Well for those conscious of what is about to befall the fascade of a
democratic republic there are two interesting posts in the Portland
Indy.  I would say for many it is too late to get your visas out.
The vast populous is just too unaware or apathetic.



Two posts in Portland Indy Media:


Bush has Crossed the Rubicon
author: Paul Joseph Watson
Commentary:

Dictatorships seldom appear full-fledged but emerge piecemeal. When
Julius Caesar crossed the Rubicon with one Roman legion he broke the
tradition that protected the civilian government from victorious
generals and launched the transformation of the Roman Republic into
the Roman Empire. Fearing that Caesar would become a king, the Senate
assassinated him. From the civil wars that followed, Caesar's
grandnephew, Octavian, emerged as the first Roman emperor, Caesar
Augustus.

Two thousand years later in Germany, Adolf Hitler's rise to dictator
from his appointment as chancellor was rapid. Hitler used the
Reichstag fire to create an atmosphere of crisis. Both the judicial
and legislative branches of government collapsed, and Hitler's
decrees became law. The Decree for the Protection of People and State
(Feb. 28, 1933) suspended guarantees of personal liberty and
permitted arrest and incarceration without trial. The Enabling Act
(March 23, 1933) transferred legislative power to Hitler, permitting
him to decree laws, laws moreover that "may deviate from the
Constitution."

The dictatorship of the Roman emperors was not based on an ideology.
The Nazis had an ideology of sorts, but Hitler's dictatorship was
largely personal and agenda-based. The dictatorship that emerged from
the Bolshevik Revolution was based in ideology. Lenin declared that
the Communist Party's dictatorship over the Russian people
rests "directly on force, not limited by anything, not restricted by
any laws, nor any absolute rules." Stalin's dictatorship over the
Communist Party was based on coercion alone, unrestrained by any
limitations or inhibitions.

In this first decade of the 21st century the United States regards
itself as a land of democracy and civil liberty but, in fact, is an
incipient dictatorship. Ideology plays only a limited role in the
emerging dictatorship. The demise of American democracy is largely
the result of historical developments.

Lincoln was the first American tyrant. Lincoln justified his tyranny
in the name of preserving the Union. His extra-legal, extra-
constitutional methods were tolerated in order to suppress Northern
opposition to Lincoln's war against the Southern secession.

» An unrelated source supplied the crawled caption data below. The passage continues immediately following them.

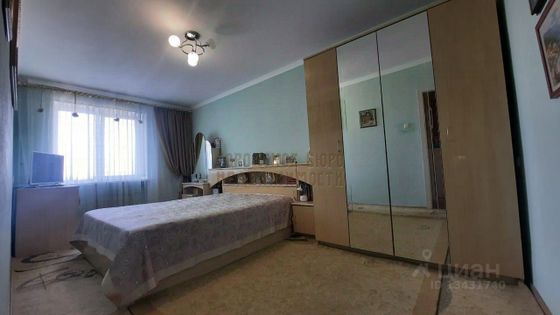 Продажа 3-комнатной квартиры 80 м², 1/5 этаж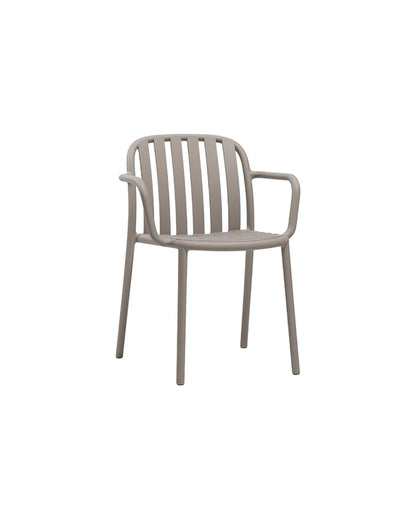 GALATA -K ARMCHAIR TAUPE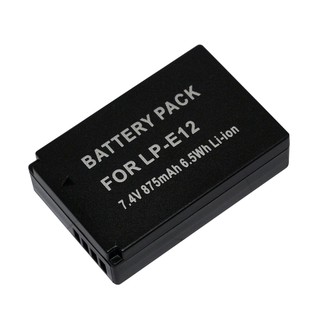 Pin máy ảnh canon LP-E12 - Hàng nhập khẩu    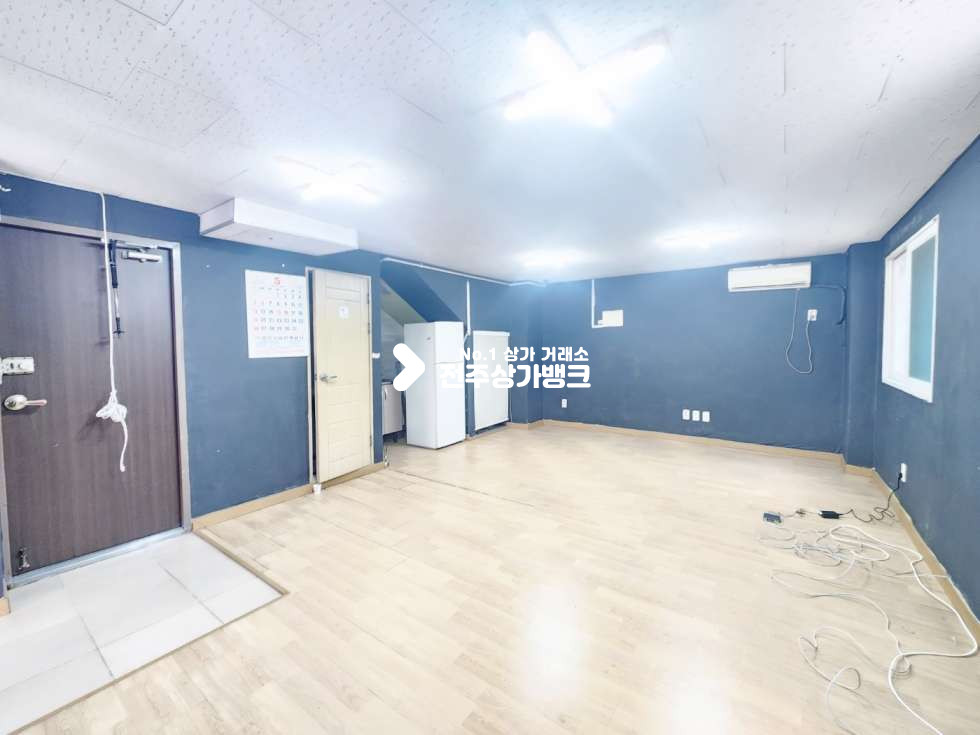 전북 전주완산구 서신동 서신동 저렴한 가격 !! 12평 미용상가 , 기타 판매점으로 강력추천 즉시입주가능 월세 매물번호 14095 사진 4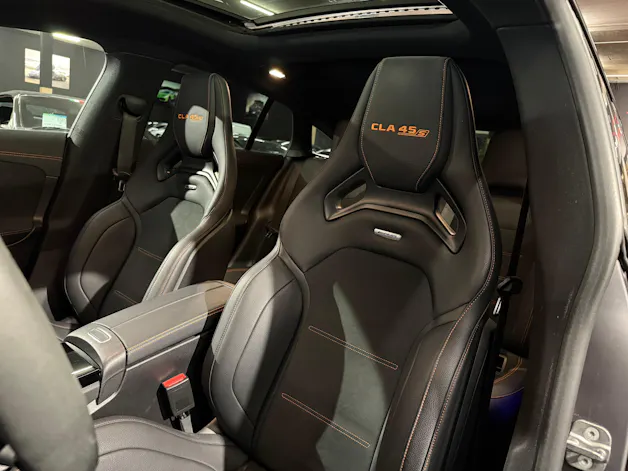 Mercedes-Benz CLA Shooting Brake 45 S AMG 4Matic 8G-DCT Street Style Edition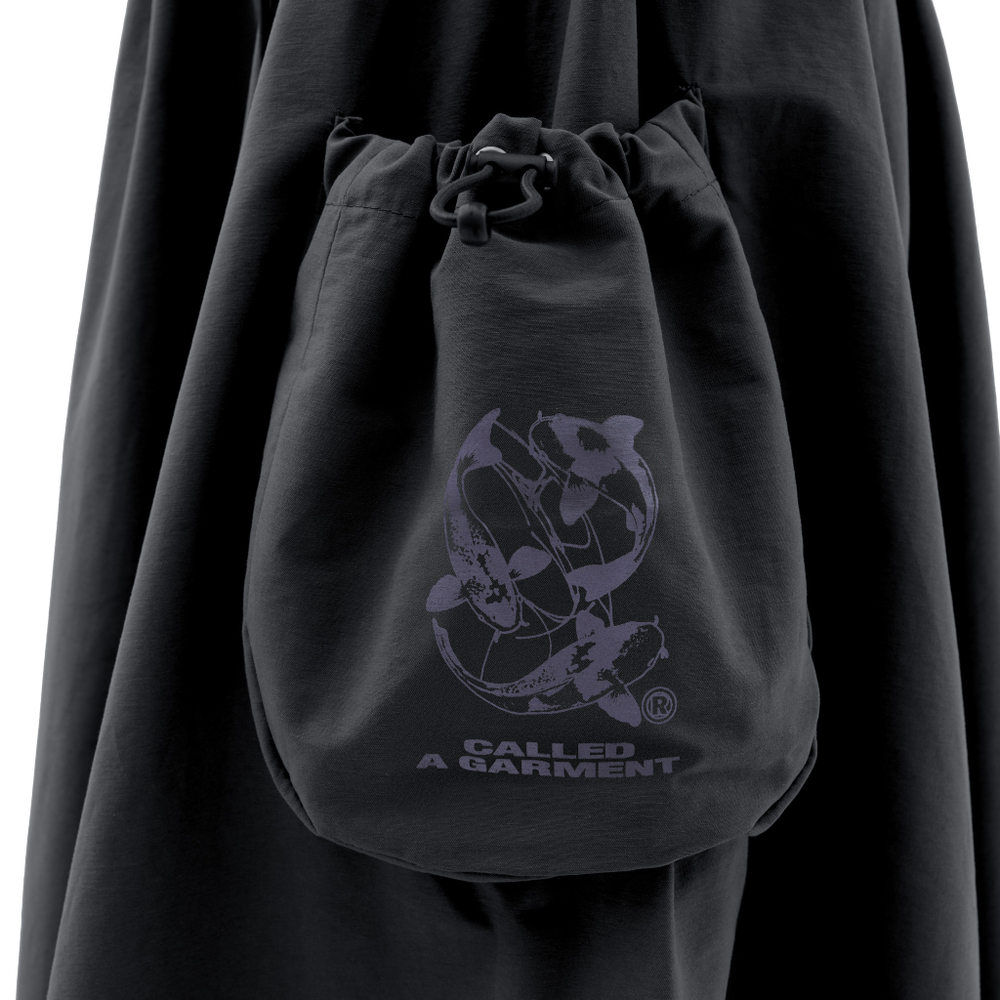 Юбка Called a Garment Niwa Skirt "Black"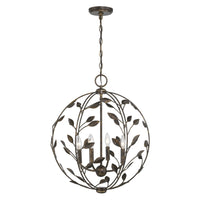 Laska 4-Light Pendant
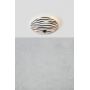 Markslöjd Safari lampa podsufitowa 2x60 W biała-czarna 109332 zdj.4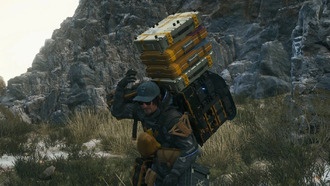 Как защитить груз от повреждений в Death Stranding 2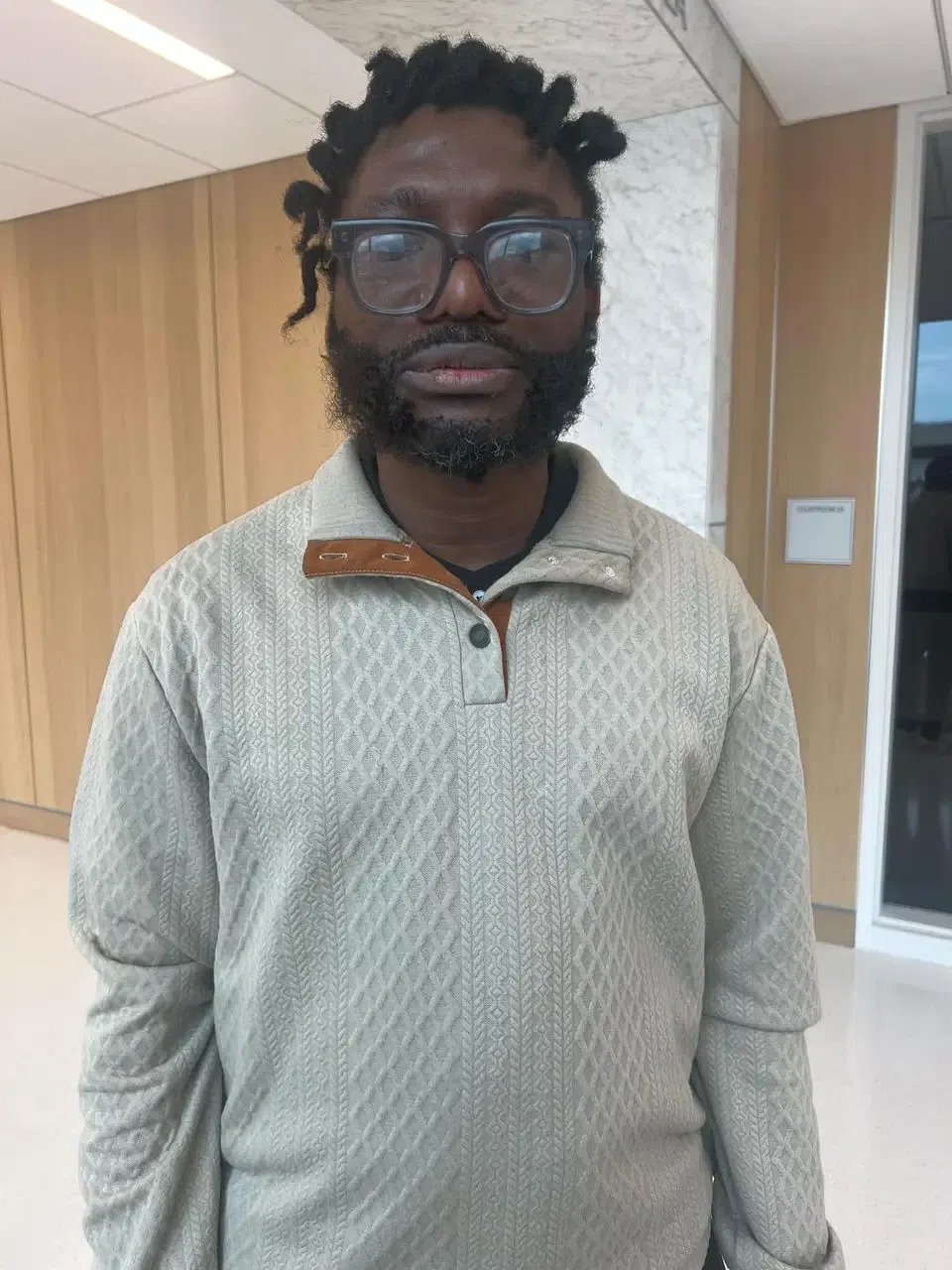 Video shows Agyapong looking sad in US court as jury fines him $18m for defaming Anas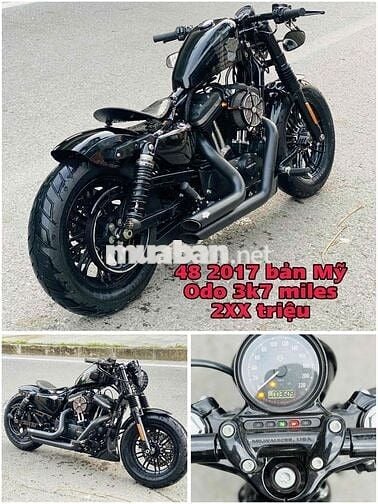 Harley Davidson motorcycle custom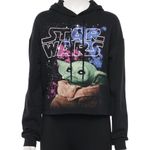 Star Wars The Mandalorian The Child Baby Yoda Hoodie size XL Photo 8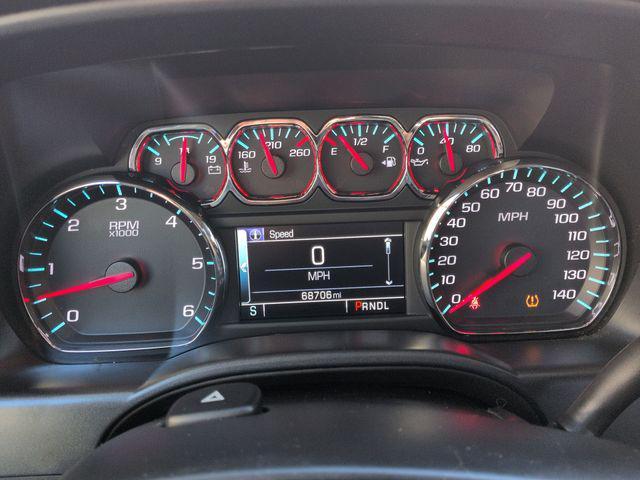 used 2019 Chevrolet Silverado 1500 car, priced at $23,746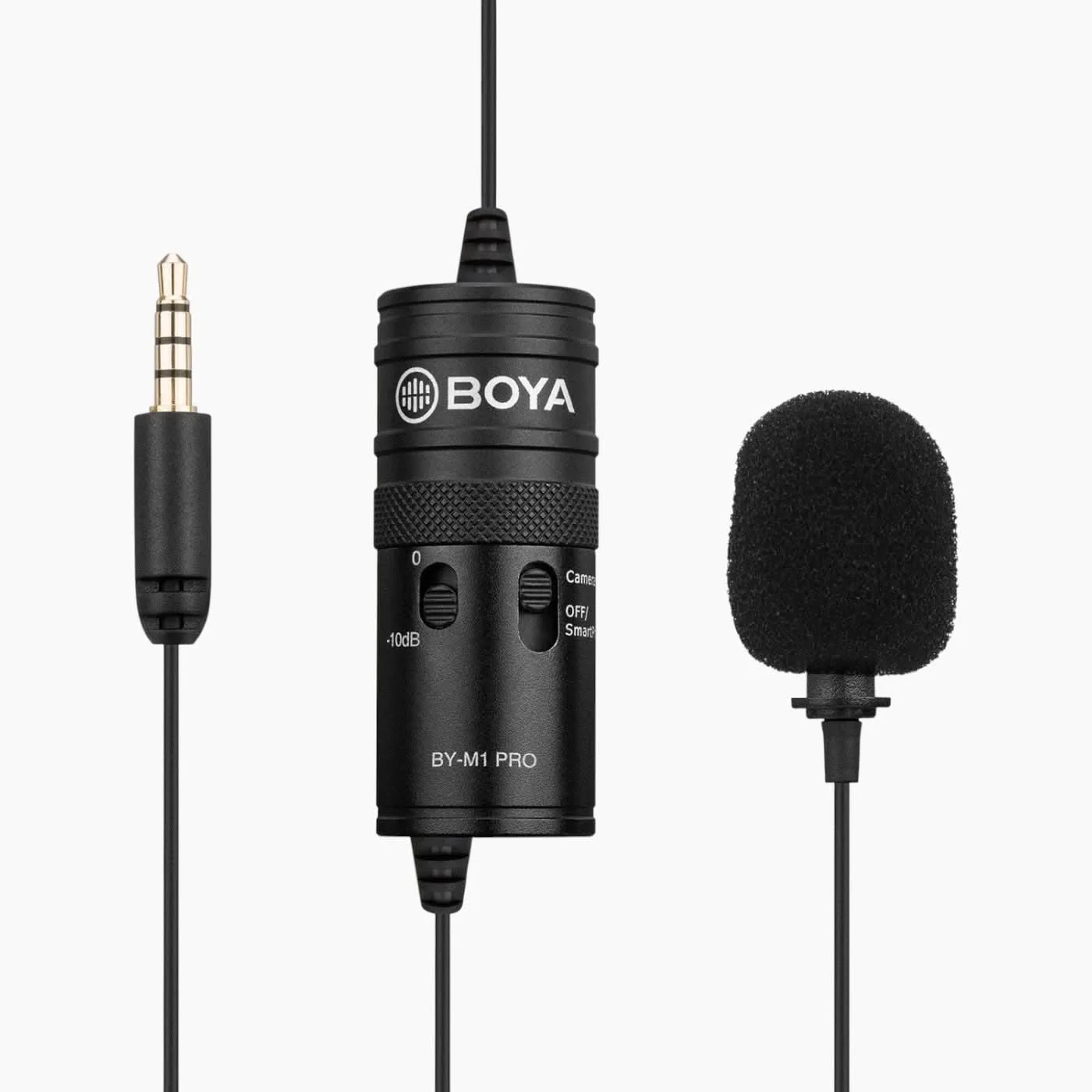 Boya BY-M1 Lavalier Microphone - Image 3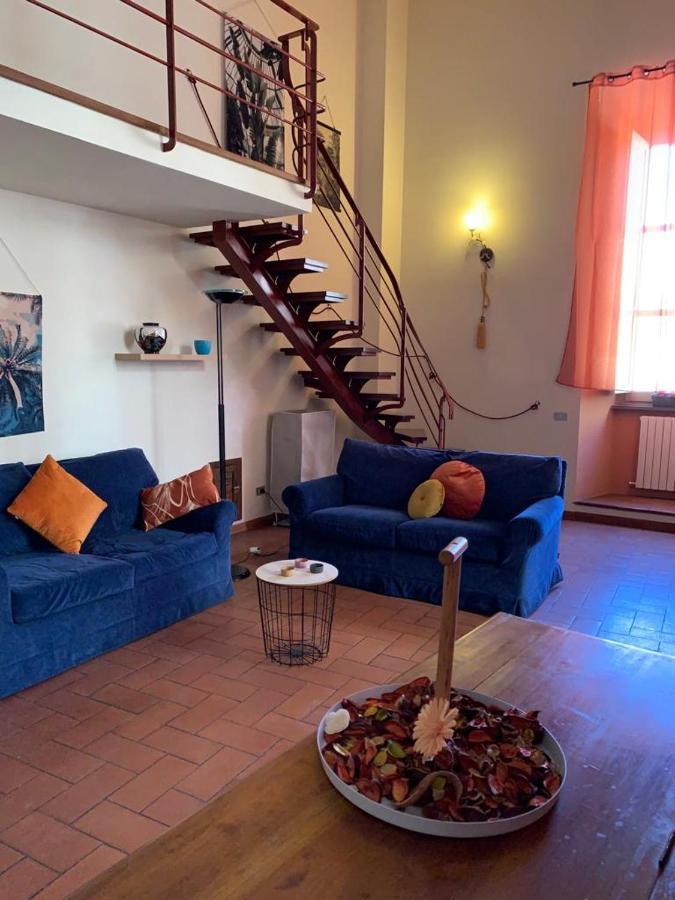 Appartamento Central Palace Spoleto Kültér fotó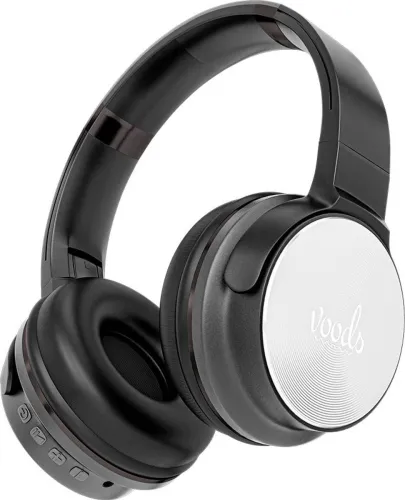 Image of Voods V Heads Active Noise Cancellation IP65 120hrs Playback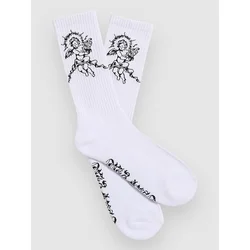 Empyre Fiddler Socks white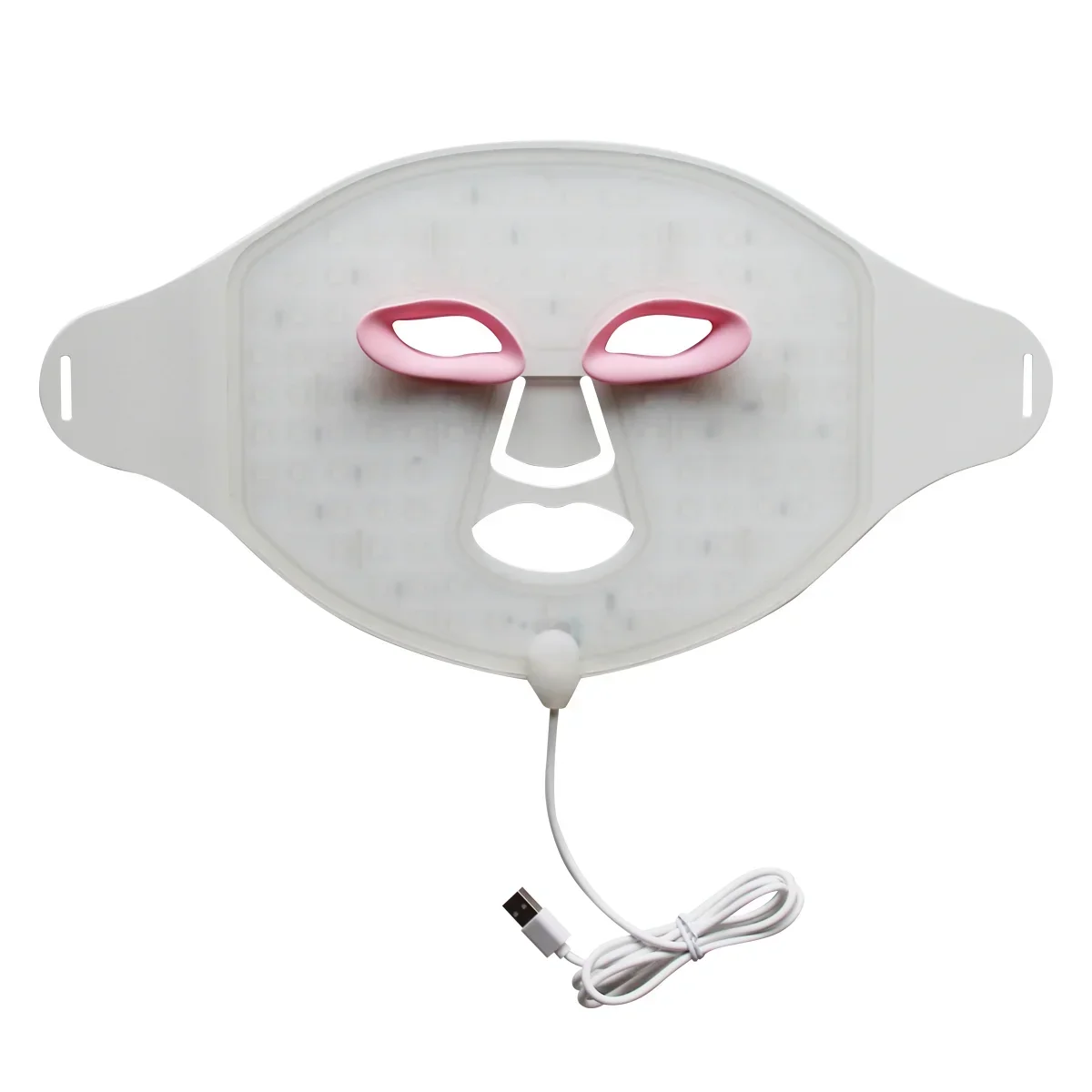 หน้ากากซิลิโคน LED บำบัดแสงสีแ - Led Light Therapy Face Mask บทวิจารณ์และราคา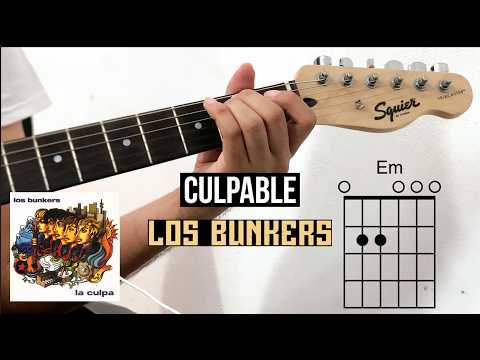 Culpable - Los Bunkers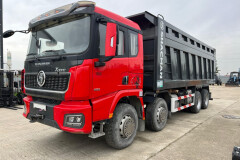 Самосвал грузовик Shacman X3000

The first major lasting assault on the US Constitution's separation
of powers, which is the basis for our political system, came with the
response of the Roosevelt administration to the crisis of the Great
Depression. The New Deal resulted in Congress delegating its
legislative powers to the executive branch. Today when Congress
passes a statute it is little more than an authorization for an
executive agency to make the law by writing the regulations that
implement it.

Prior to the New Deal, legislation was tightly written to minimize
any executive branch interpretation. Only in this way can law be
accountable to the people. If the executive branch that enforces the
law also writes the law, "all legislative powers" are no longer
vested in elected representatives in Congress. The Constitution is
violated, and the separation of powers is breached.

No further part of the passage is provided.